A Psalm in Silence

Psalm 83 is written amidst deep distress. Verses 6-8 present a scene in which the surrounding nations have hemmed Israel in, conspiring against her. The psalmist fears their attack and the devastation that would follow. Thus the psalm begins with a plea, “O God, do not keep silence; do not hold your peace or be still, O God!”
Reflecting on the anguish of Psalm 83, D.P. Myers writes, “I don’t know about you, but there have been times in my life when I felt the same way. With a major problem pressing down upon me, I looked around to friends and companions but found no real respite from my troubles. My sleep, which is often a familiar escape, became troubled as the pressure caused me to wake, realizing I had no safe place to go for sanctuary. I think this is why Asaph begins Psalm 83 with a plea that God does not stay silent. For at this time, the people looked at their present circumstances and saw their promised land crumbling and being dismantled piece by piece, they looked to their past and saw the depravity that had taken hold of their land, and they looked to their future and all they could find was silence. They…longed to hear God’s voice once again. They longed…to be held safely in the arms of one who has everything under control.”
Have you ever found yourself in a similar predicament? Have you ever cried out to God in desperation but found, in return, silence?
In such silence it feels like our soul is suffocating. But perhaps our experience of silence is not as much an indicator of God’s absence as it is an opportunity for God’s teaching.

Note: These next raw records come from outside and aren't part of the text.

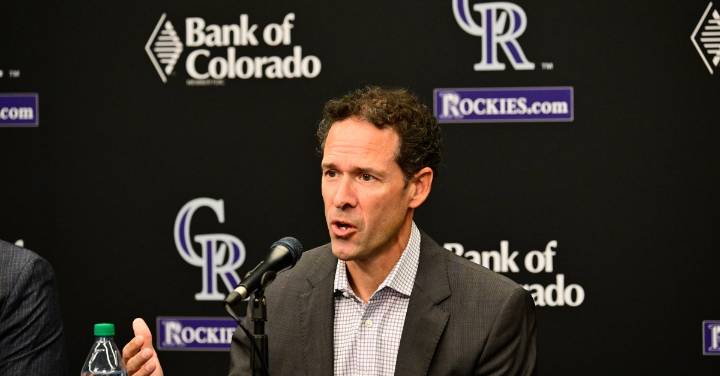 On loving both your children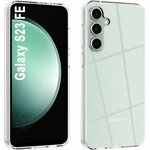 coque-silicone-transparente-pour-samsung-s23-fe-little-boutik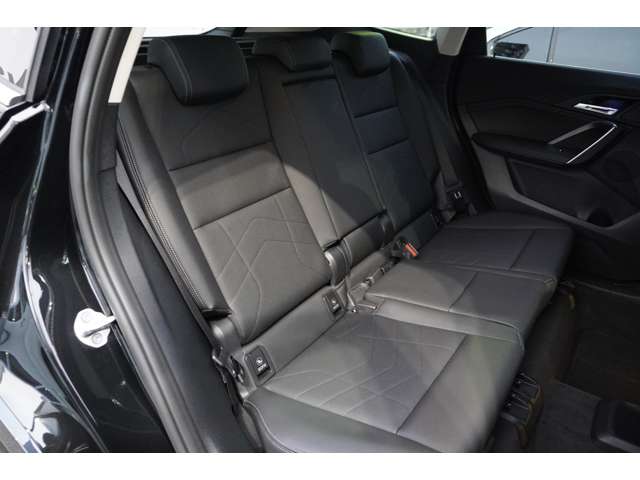 ＢＭＷ Ｘ１ Ｘドライブ２０Ｉ Ｘライン ＤＣＴ ４ＷＤ R5年 (近畿) 99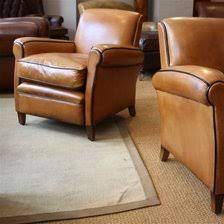 Free shipping on qualifying orders. The Antiques Archive Leather Chairs Of Bath Antique And Reproduction Leather Chairs Sofas And Furniture
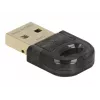 Verkkokortti DeLOCK 61012 Bluetooth 3 Mbit/s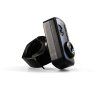 black cat signalizator passion pro alarm black (2)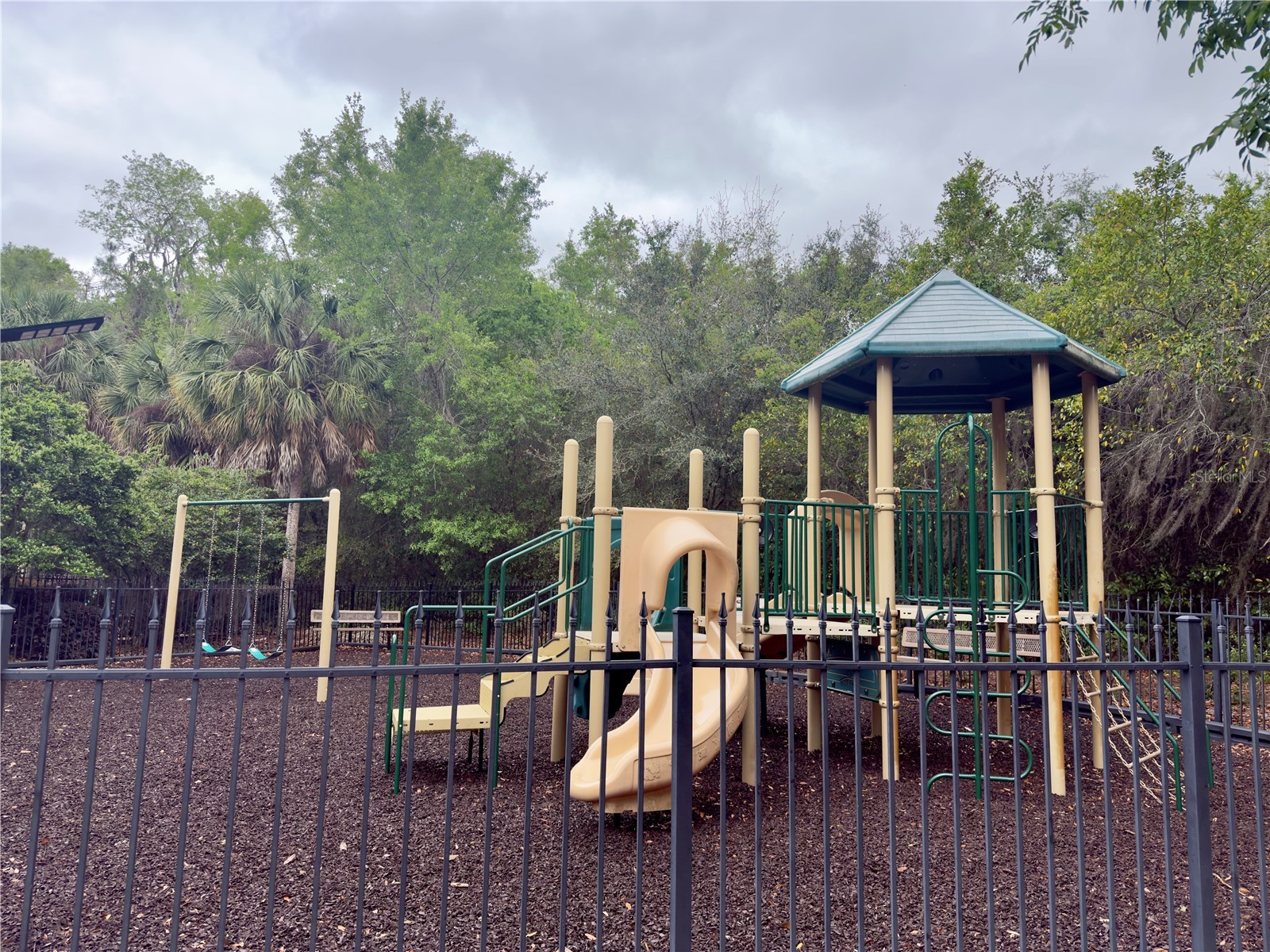 1197 NW 133rd Way Newberry FL 32669 GC539278 image61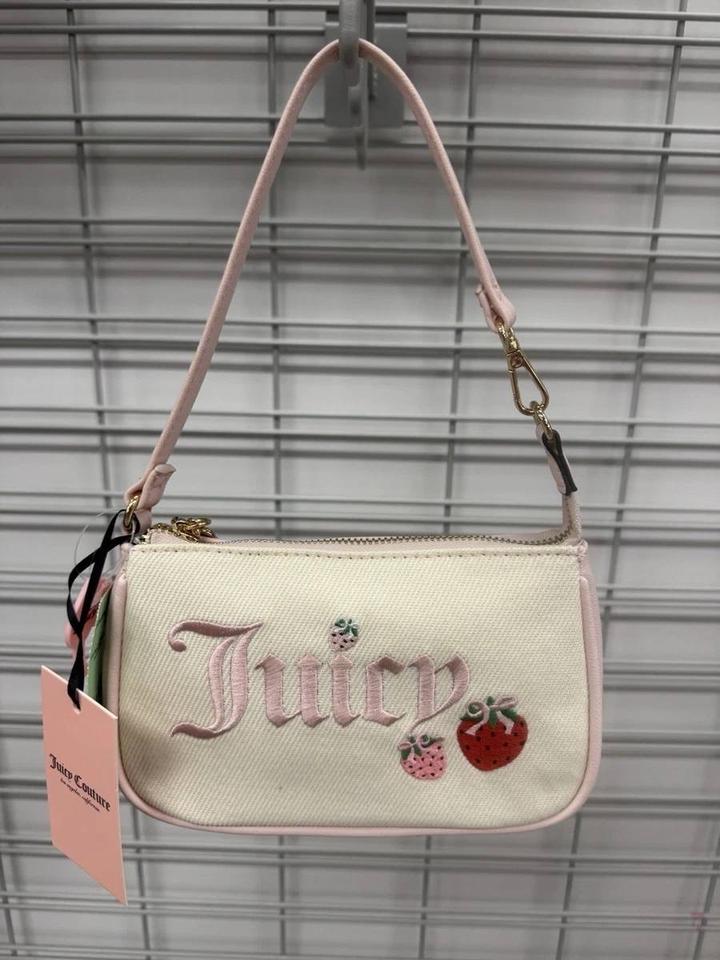 Juicy Couture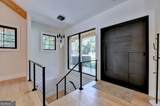 3933 Skyline Drive - Photo 15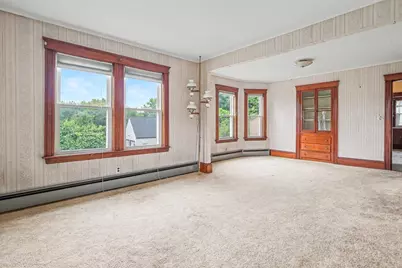 226 Rosemont, Haverhill, MA 01832 - Photo 4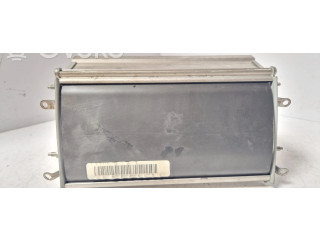 Подушка безопасности пассажира 6018133 Mitsubishi Colt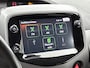 Toyota Aygo 1.0 VVT-i x-joy | Nederlandse Auto | Climate Control | Apple Carplay / Android Auto | Onderweg-naar-dealer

In an article entitled “All the Right Moves” in Fast Company (May 1999), chess master Bruce Pandolfini shared, “My lessons consist of a lot of silence. I listen to other teachers, and they’re always talking…. I let my students think. If I do ask a question [‘why are you making that move?’] and I don’t get the right answer, I’ll rephrase the question—and wait. I never give the answer. Most of us really don’t appreciate the power of silence. Some of the most effective communication—between student and teacher, between master players—takes place during silent periods.”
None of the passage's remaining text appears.